RECORDS FOR THE EXERCISE:
Segment Open
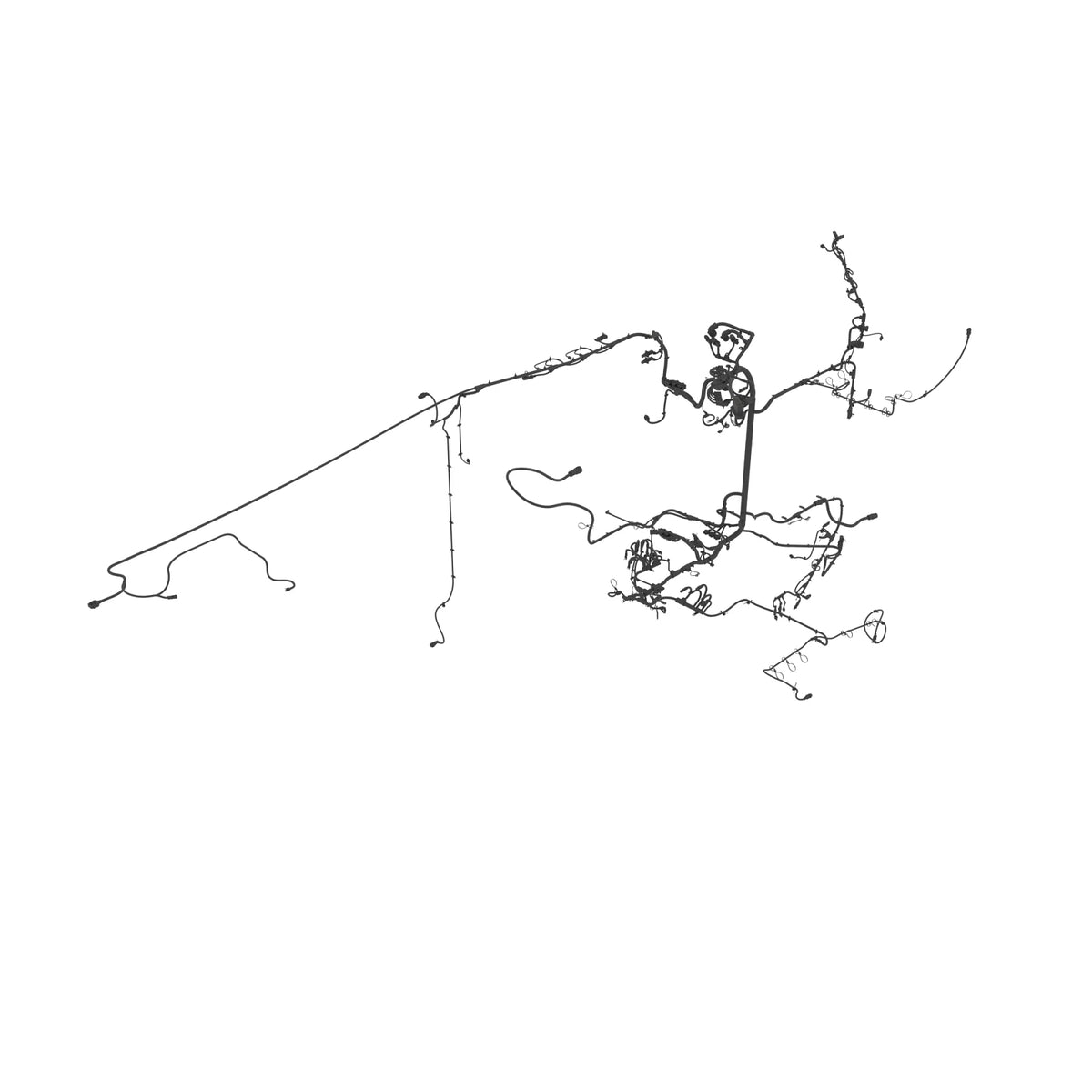 AXE71786: Fits John Deere AXE71786 Narrow Body Front Main Wiring Harness – Genuine OEM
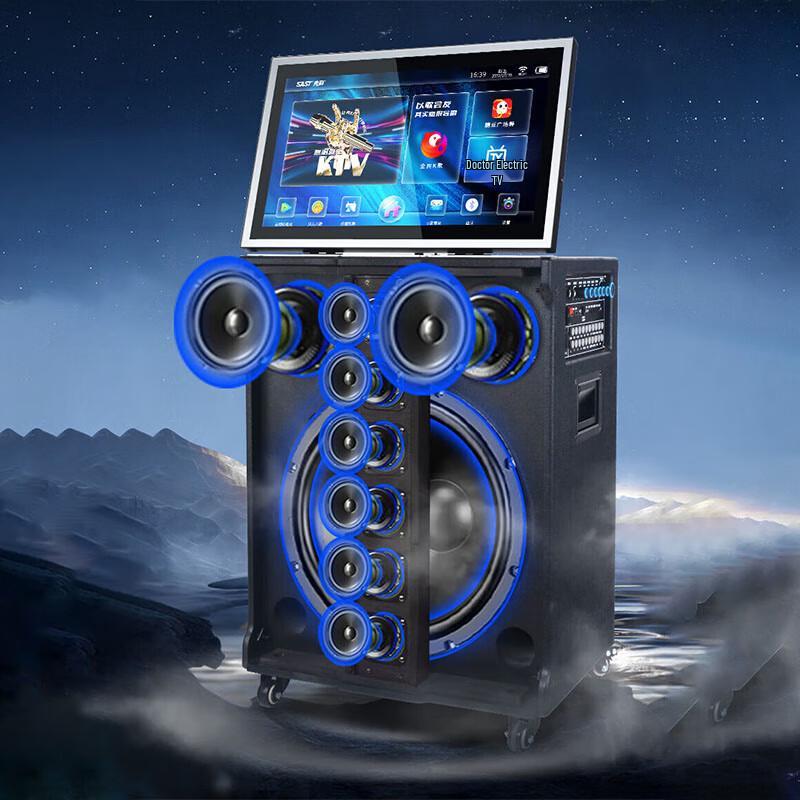 SAST SA-257 Outdoor KTV Trolley Speaker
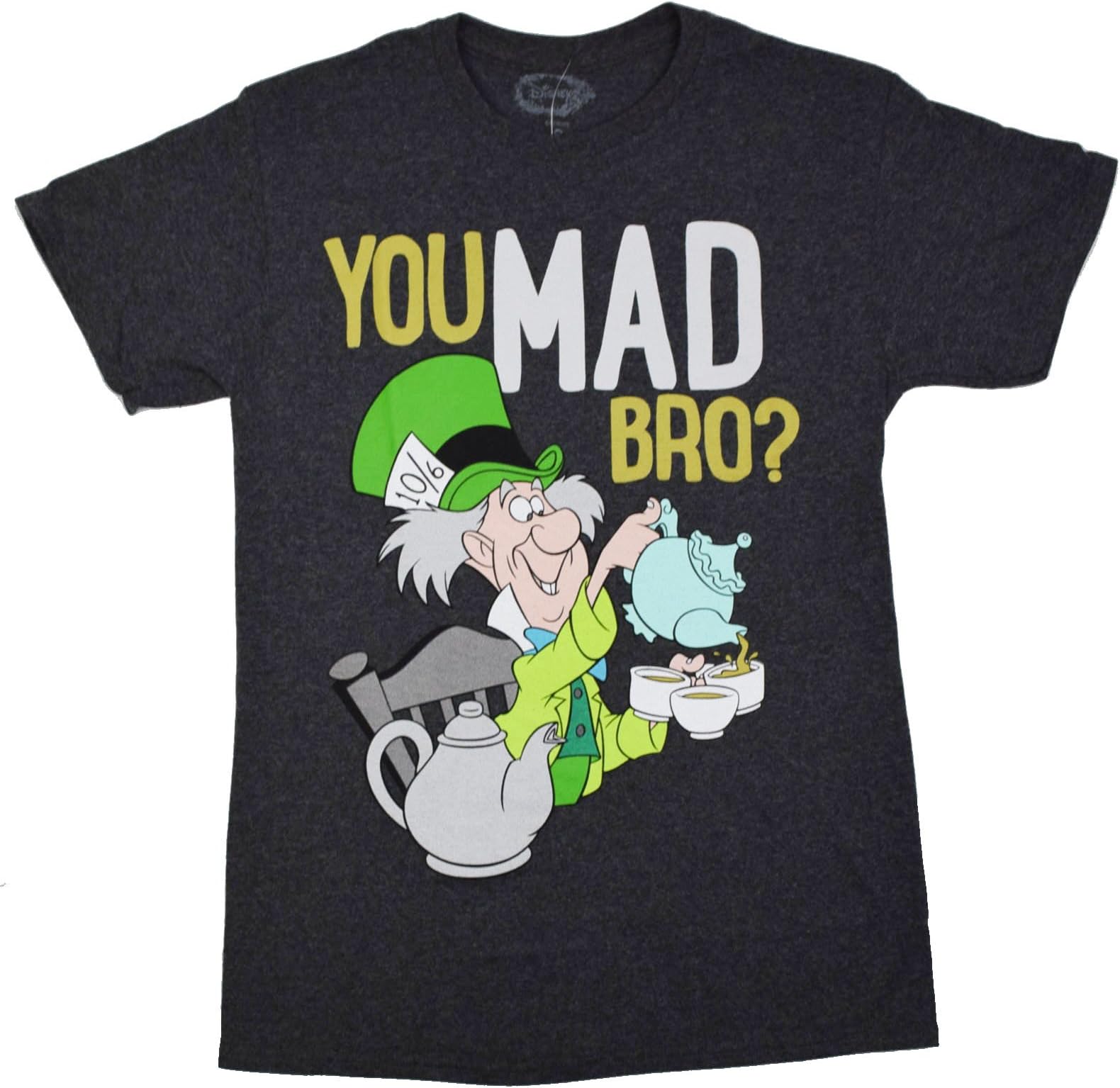 Alice In Wonderland Mad Hatter U Mad Bro? T-shirt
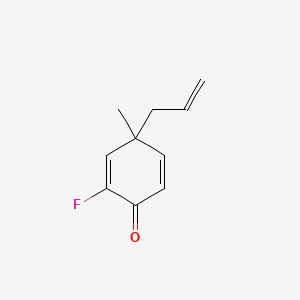 molecular formula C10H11FO B12837874 4-Allyl-2-fluoro-4-methylcyclohexa-2,5-dien-1-one 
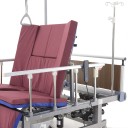 Кровать электрическая Med-Mos DB-11А (МЕ-5248Н-01) Алюм. с боковым переворачиванием, туалетным устройством и функцией «кардиокресло»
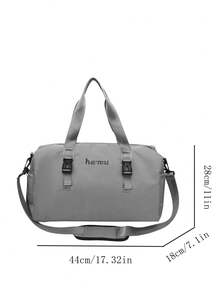 旅行包: 男士手提包,女士商務旅行,大型旅行包,運動健身單肩斜挎包,旅行包旅行套裝,旅行用品整理包,旅行必備品,旅行配件 - 灰色 - 查看 5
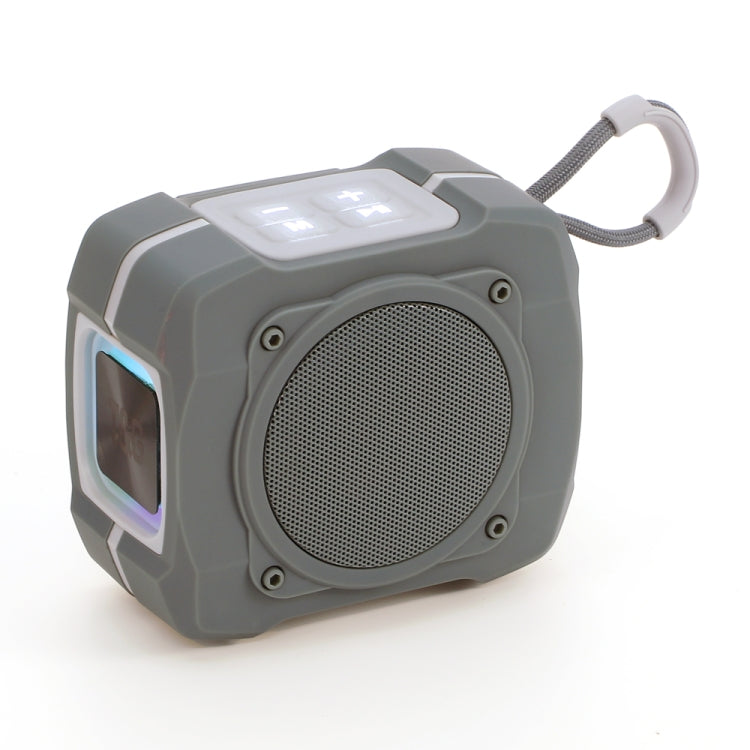 T&G TG661 Colorful LED Portable Outdoor Wireless Bluetooth Speaker(Grey) - HoMEdemic™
Segment Closed
No pictures belong in the answer, only the lines from the top of the listing through the line containing "molecular formula C10H11FO", repeated word for word.

 AXE71786: Fits John Deere AXE71786 Narrow Body Front Main Wiring Harness – Genuine OEM
 SAST SA-257 Outdoor KTV Trolley Speaker
 Alice In Wonderland Mad Hatter U Mad Bro? T-shirt
 molecular formula C10H11FO B12837874 4-Allyl-2-fluoro-4-methylcyclohexa-2,5-dien-1-one 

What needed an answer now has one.